US Commerce Secretary Wants to Remove Government Spending From GDP
U.S. Commerce Secretary Howard Lutnick's plan to strip out government spending from the gross domestic product (GDP) report would significantly alter the economic landscape, leading to increased volatility in data and potential distortions in measuring economic performance. The move is likely to have far-reaching implications for policymakers, economists, and businesses, as it would require adjustments to various financial metrics and indicators. Critics argue that such a change would undermine the accuracy of GDP calculations, making it difficult to compare economic growth across different regions and time periods.

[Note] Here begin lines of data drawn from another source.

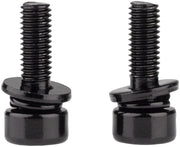 Promax Disc Brake Caliper Mounting Bolts - Flat Mount M5x16mm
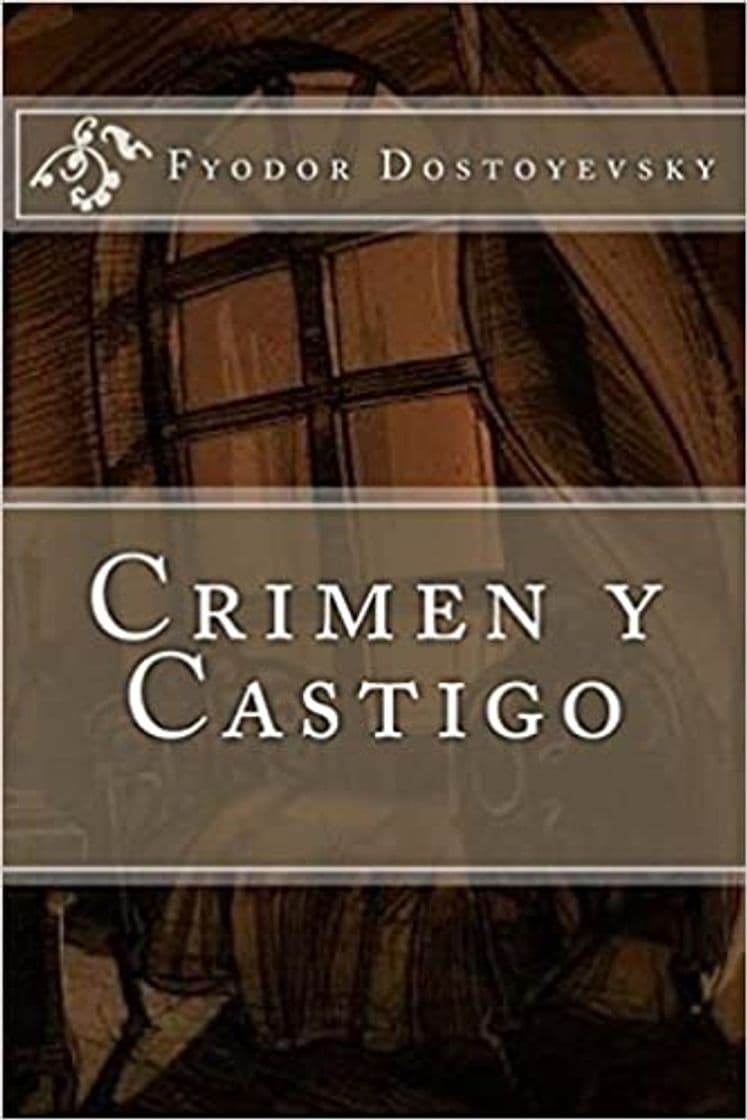 Book Crimen y castigo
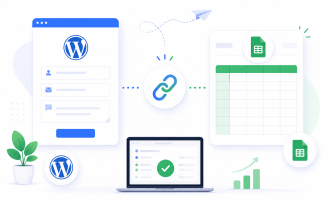 Connect WordPress Forms to Google Sheets Without Zapier or API Setup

This potential shift could lead to a renewed focus on private sector performance, potentially highlighting areas where governments can improve their efficiency and stimulate economic growth through targeted policies.

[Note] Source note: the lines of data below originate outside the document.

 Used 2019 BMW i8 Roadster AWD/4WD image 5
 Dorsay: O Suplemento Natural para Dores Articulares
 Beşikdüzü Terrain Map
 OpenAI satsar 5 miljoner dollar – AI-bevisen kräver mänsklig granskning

How will the removal of government spending from GDP impact the ability of researchers and policymakers to accurately forecast economic trends and make informed decisions about future investments and resource allocation?
U.S. Commerce Secretary Howard Lutnick's plan to strip out government spending from the gross domestic product (GDP) report could have significant implications for how the economy is measured and understood, potentially leading to a more accurate representation of private sector growth. This move aligns with Lutnick's stated goal of making GDP more transparent and free from what he sees as "wasted money" on government programs. The potential impact of this change on economic analysis and comparison with global peers is still uncertain.
Removing government spending from GDP could provide a clearer picture of the private sector's contribution to economic growth, potentially helping policymakers make more informed decisions about fiscal policy.
How might the removal of government spending from GDP affect our understanding of the economy's overall resilience and ability to weather recessions?
Government spending could be separated from gross domestic product reports in response to questions about whether the spending cuts pushed by Elon Musk's Department of Government Efficiency could possibly cause an economic downturn. The Commerce Secretary's remarks echoed Musk’s arguments made Friday on X that government spending doesn’t create value for the economy. This move may obscure the impact of DOGE cuts on the economy, but it also raises concerns about how alternative measures of GDP would accurately reflect the true state of economic health.
By excluding government spending from GDP, the administration is essentially counting only those economic activities that generate profits, potentially leading to a skewed understanding of economic growth and stability.
How will this redefinition of GDP impact policymakers' ability to assess the effectiveness of their spending programs in driving long-term economic growth and development?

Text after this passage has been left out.